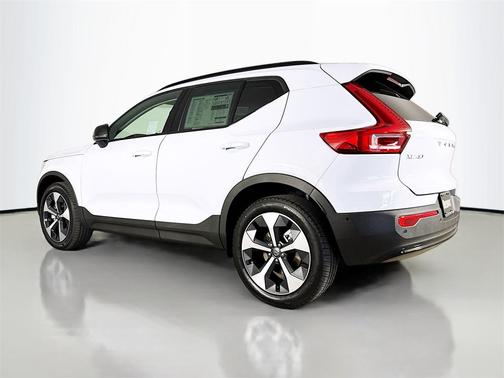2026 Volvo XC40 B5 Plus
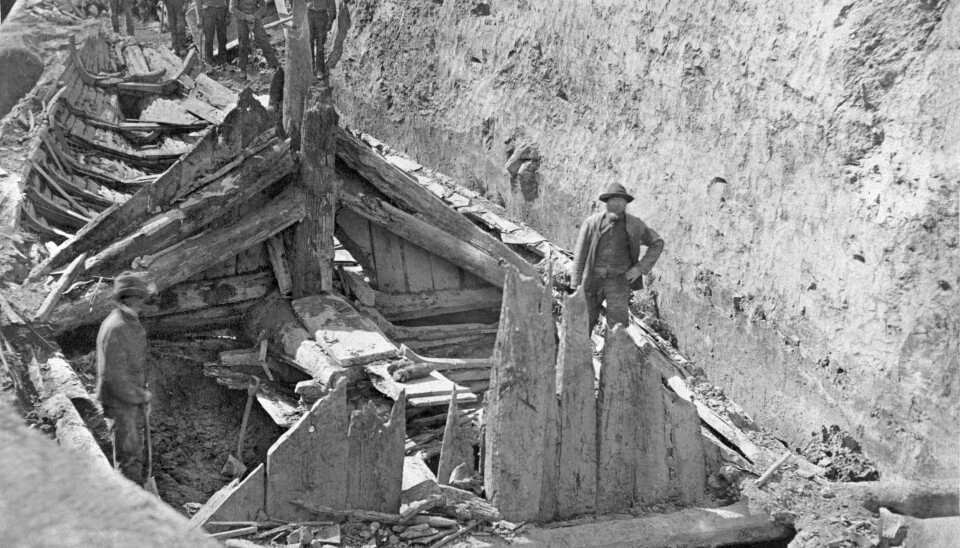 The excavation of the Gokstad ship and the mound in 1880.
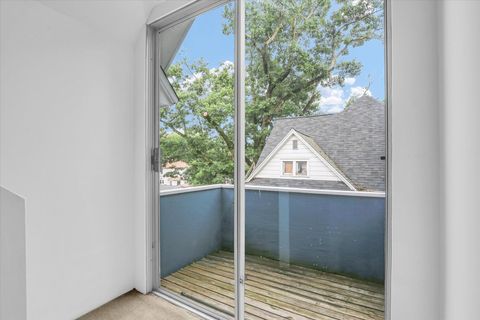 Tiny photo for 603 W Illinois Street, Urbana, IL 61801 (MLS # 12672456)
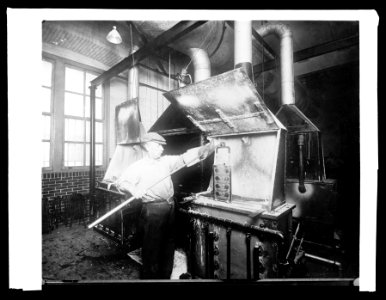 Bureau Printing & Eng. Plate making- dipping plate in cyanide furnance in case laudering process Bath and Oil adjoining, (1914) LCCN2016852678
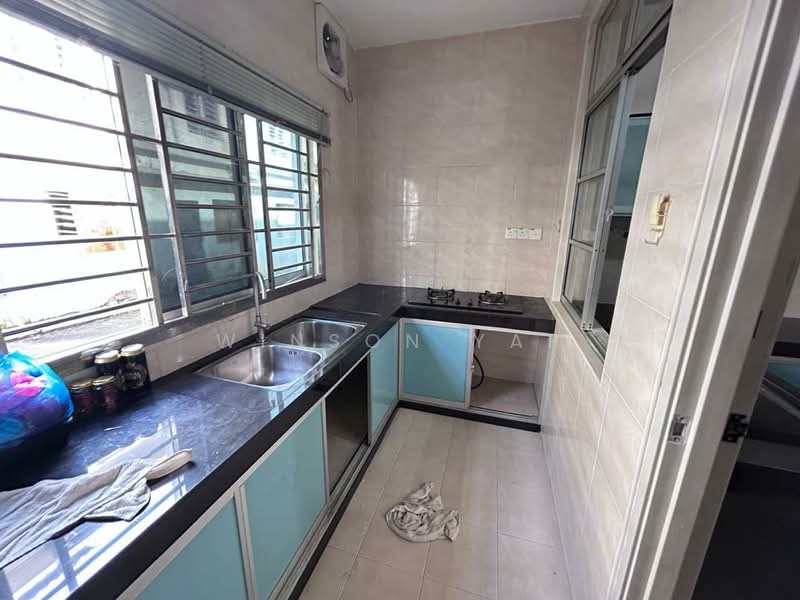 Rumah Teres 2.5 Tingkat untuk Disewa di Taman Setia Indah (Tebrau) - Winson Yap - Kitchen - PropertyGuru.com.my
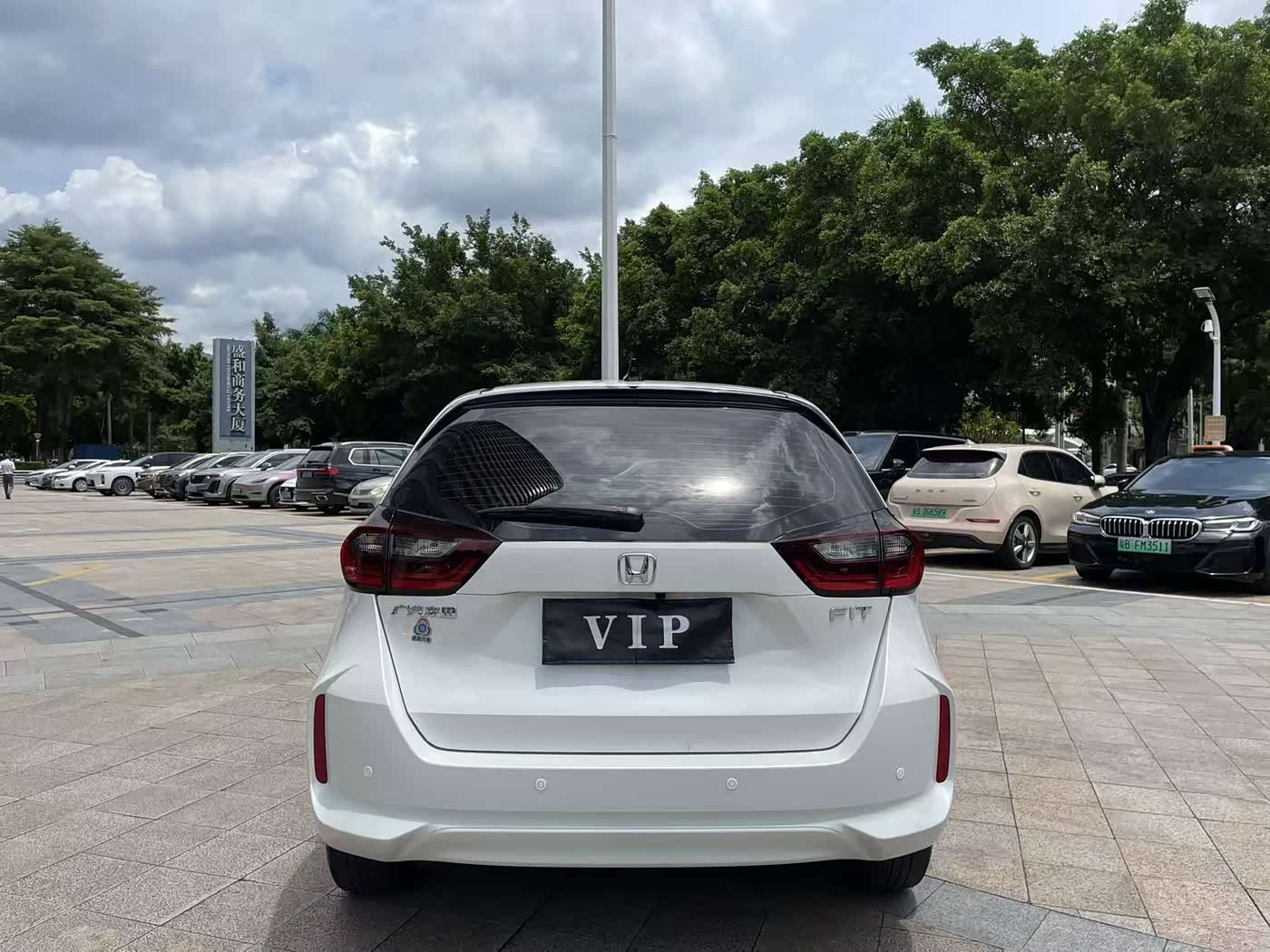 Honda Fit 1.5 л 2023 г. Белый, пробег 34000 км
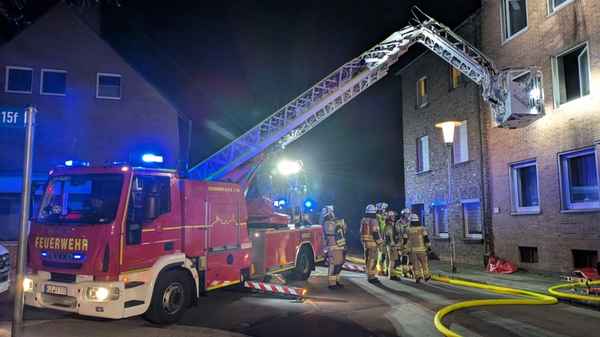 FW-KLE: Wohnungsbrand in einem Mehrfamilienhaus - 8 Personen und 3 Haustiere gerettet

+ + + + +

▶ [TASK GOAL]:
Without any pictures, output exactly the lines from the start of the material through the line that contains "Honda Fit 1.5", and only those.

▶ [YOUR RESPONSE]:
2026 Volvo XC40 B5 Plus
 The excavation of the Gokstad ship and the mound in 1880.
 Tiny photo for 603 W Illinois Street, Urbana, IL 61801 (MLS # 12672456)
 Bureau Printing & Eng. Plate making- dipping plate in cyanide furnance in case laudering process Bath and Oil adjoining, (1914) LCCN2016852678
 Rumah Teres 2.5 Tingkat untuk Disewa di Taman Setia Indah (Tebrau) - Winson Yap - Kitchen - PropertyGuru.com.my
 Honda Fit 1.5 л 2023 г. Белый, пробег 34000 км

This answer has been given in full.